Er war in den letzten Monaten oft genug in den gleichen Kursen wie die beiden Jungen gewesen, um zu merken, dass die beiden sich, wenn sie in der Nähe voneinander waren, recht oft ablenkten. Sich recht oft gegenseitig ablenkten, und sei es auch nur, weil einer der beuden dem Anderen während dem Unterricht immer und immer wieder jene kurzen, beinahe versteckten, aber dennoch liebevollen Blicke zuwarf. Sei es nur, wenn der Andere jene Blicke bemerkte. Wenn ihre Blicke in gewisser Weise aneinander hängen blieben.
Wenn sie sich einfach nur anblicken, und den Rest der Welt zumindest für einige, kurze Momente auszublenden schienen. Auszublenden schienen, so, als wären die anderen Dinge in jenem Moment nicht wirklich wichtig. Als würden sie sich jenen Dingen auch später noch zuwenden können. Als würden in jenem kurzen Moment erst einmal nur die beiden zählen. Oder wenn hin und wieder ihre Hände den Weg zueinander fanden. Wenn ihre Finger sich auf jene vorsichtige Art, immer versteckt von dem breiten, weißen Schultisch miteinander verschränkten. Versteckt, so, dass niemand sonst der anderen Schüler es sehen würde. So, dass niemand sonst es sehen, und ihnen möglicherweise aufgrund dessen Schwierigkeiten machen würde. Versteckt, aber dennoch für beide spürbar.
" Du hast es aber auch ständig mit den beiden, was? Du ziehst die Ärmsten schon seit Anfang Juni regelmäßig deswegen auf", antwortete Eddie wahrheitsgemäß, doch man könnte sehen, dass der achtzehnjährige Junge sich nur mit Mühe ein Grinsen verkneifen konnte. So, wie er sich öfter einmal bei Richie's Sprüchen das Grinsen zu verkneifen versuchte. Wenn der Braunhaarige Junge ehrlich sein sollte, so wusste er in jenem Moment nicht ganz, wie er sich fühlen sollte. Wie er sich in Richie's Nähe fühlen sollte.

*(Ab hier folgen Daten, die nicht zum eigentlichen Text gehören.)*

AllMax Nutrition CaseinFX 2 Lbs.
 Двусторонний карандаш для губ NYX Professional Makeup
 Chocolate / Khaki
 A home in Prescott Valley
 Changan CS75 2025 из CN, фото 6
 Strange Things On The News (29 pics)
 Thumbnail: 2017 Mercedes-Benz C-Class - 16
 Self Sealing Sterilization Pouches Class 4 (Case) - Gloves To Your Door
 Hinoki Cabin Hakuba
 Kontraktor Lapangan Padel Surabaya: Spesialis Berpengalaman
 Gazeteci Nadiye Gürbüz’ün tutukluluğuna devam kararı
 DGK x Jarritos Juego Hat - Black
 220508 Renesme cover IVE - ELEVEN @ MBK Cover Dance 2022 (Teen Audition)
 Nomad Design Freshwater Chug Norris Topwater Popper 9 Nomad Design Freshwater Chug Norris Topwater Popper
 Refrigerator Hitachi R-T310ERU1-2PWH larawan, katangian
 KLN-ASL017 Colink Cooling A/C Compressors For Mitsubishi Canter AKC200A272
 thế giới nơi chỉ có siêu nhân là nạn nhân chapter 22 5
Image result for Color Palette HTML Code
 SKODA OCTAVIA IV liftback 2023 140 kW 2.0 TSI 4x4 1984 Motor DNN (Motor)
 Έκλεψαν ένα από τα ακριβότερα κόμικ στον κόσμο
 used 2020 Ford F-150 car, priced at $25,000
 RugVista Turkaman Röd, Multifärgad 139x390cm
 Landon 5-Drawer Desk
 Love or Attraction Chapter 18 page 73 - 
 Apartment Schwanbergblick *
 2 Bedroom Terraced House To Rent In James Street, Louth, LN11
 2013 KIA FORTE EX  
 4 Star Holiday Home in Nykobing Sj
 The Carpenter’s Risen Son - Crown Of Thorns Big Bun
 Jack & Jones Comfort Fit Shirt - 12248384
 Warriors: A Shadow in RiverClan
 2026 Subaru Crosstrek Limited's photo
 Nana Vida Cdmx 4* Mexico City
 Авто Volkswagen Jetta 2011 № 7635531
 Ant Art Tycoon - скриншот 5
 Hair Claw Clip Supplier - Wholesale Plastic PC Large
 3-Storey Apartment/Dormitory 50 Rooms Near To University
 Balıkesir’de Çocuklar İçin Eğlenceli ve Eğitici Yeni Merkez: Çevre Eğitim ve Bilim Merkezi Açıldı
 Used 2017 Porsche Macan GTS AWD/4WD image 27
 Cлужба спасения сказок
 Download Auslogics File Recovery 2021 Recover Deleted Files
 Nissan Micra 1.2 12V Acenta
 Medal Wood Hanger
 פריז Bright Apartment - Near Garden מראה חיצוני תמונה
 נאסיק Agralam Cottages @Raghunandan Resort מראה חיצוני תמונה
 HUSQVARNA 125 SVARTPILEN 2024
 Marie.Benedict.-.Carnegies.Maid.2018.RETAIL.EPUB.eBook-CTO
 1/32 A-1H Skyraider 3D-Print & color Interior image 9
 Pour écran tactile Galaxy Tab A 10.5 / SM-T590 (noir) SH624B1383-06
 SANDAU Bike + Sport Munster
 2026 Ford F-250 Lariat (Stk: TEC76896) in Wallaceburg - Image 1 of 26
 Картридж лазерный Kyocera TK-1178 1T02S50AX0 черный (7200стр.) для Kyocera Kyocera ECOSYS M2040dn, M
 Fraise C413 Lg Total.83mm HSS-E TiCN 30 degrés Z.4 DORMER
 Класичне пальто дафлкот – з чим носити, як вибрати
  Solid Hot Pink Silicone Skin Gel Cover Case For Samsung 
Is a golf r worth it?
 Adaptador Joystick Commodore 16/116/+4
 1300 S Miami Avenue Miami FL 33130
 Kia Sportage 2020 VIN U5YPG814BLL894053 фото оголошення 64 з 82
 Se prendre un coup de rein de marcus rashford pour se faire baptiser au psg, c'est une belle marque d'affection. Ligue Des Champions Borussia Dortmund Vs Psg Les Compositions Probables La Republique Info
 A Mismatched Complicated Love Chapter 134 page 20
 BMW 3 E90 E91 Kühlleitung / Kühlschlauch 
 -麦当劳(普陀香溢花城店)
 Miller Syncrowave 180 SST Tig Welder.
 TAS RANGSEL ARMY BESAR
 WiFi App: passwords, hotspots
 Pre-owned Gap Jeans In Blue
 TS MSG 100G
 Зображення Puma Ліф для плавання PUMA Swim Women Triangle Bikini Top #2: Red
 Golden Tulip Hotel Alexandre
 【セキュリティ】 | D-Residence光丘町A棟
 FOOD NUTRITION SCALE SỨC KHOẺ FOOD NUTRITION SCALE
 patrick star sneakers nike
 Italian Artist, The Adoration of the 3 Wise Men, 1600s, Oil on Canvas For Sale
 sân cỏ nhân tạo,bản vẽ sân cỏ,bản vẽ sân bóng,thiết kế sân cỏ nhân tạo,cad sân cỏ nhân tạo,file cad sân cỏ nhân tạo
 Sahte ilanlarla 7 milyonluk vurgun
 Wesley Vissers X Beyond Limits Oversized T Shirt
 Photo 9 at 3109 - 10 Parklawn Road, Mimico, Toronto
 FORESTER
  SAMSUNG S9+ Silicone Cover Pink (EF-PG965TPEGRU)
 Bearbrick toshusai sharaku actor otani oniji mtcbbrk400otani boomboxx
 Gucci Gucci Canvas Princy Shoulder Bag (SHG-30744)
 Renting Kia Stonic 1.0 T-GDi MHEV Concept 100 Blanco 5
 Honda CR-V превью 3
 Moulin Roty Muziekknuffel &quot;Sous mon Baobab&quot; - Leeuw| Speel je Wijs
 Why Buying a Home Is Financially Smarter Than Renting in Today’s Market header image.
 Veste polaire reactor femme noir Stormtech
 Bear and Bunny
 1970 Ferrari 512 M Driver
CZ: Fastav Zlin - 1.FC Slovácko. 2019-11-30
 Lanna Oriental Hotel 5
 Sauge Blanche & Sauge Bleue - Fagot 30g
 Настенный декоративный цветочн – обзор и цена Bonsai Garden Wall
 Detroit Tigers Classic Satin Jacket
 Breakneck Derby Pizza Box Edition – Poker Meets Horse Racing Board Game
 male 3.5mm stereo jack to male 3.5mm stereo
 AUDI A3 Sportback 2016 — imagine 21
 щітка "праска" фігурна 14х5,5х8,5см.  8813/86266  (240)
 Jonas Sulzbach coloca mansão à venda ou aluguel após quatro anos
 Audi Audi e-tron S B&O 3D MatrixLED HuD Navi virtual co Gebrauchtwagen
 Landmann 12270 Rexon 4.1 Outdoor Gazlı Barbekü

Jenes Gefühlschaos- ein ein wenig anderes Gefühlschaos als jenes, dass er bis jetzt in all dem Jahren so oft in Richie's Nähe verspürt hatte- hielt schon seit dem Vortag an. Jenes Gefühlschaos, bei dem er einerseits gerne in Richie's Nähe war. Bei dem er dessen Nähe genoss. Es genoss, Zeit mit seinem besten Freund zu verbringen. Mit ihm zu reden. Ihm dabei zu zuhören, wenn er wieder einmal einen seiner Sprüche riss.
Mit ihm zu lachen, und über alle möglichen, mehr oder weniger belanglosen Dinge zu reden, so, wie sie es auch früher so oft getan hatten. So, wie sie es auch früher so oft getan hatten- und doch hätte er das Gefühl, als fühlte es sich nun ein wenig anders an. Als fühlte es sich nun ein wenig anders an, in dem Wissen, dass er Gefühle für seinen besten Freund hatte. In dem Wissen, dass er etwas für diesen empfand, und seine Gedanken immer und immer wieder zu jener Frage zurück zu schweigen schienen, was wäre wenn. Was wäre wenn dieser seine Gefühle doch erwidern würde? Was wäre, wenn es doch einen winzigen Hauch einer Chance für Richie und ihn gäbe?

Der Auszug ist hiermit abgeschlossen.